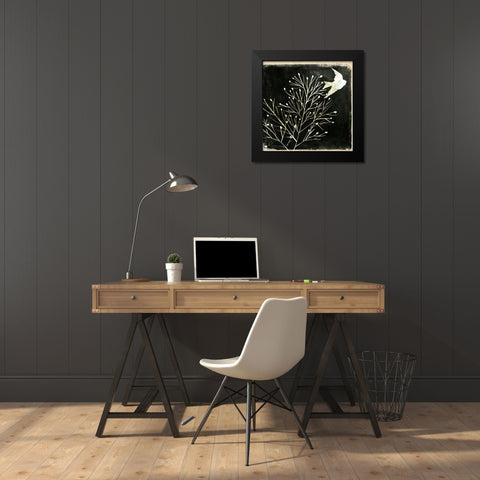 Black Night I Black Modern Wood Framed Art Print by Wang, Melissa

* * *

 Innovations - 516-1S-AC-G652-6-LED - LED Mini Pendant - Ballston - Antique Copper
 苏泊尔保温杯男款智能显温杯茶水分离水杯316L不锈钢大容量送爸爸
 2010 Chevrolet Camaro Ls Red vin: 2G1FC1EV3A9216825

==

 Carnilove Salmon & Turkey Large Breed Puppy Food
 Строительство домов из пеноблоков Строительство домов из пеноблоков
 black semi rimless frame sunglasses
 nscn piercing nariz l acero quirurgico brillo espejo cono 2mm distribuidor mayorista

- _WORK REQUEST_: Please copy, exactly as written, every line in the listing above from the line with "black semi rimless frame sunglasses" up to and including the line with "nscn piercing nariz".

- _TASK SOLUTION_:
 black semi rimless frame sunglasses
 nscn piercing nariz l acero quirurgico brillo espejo cono 2mm distribuidor mayorista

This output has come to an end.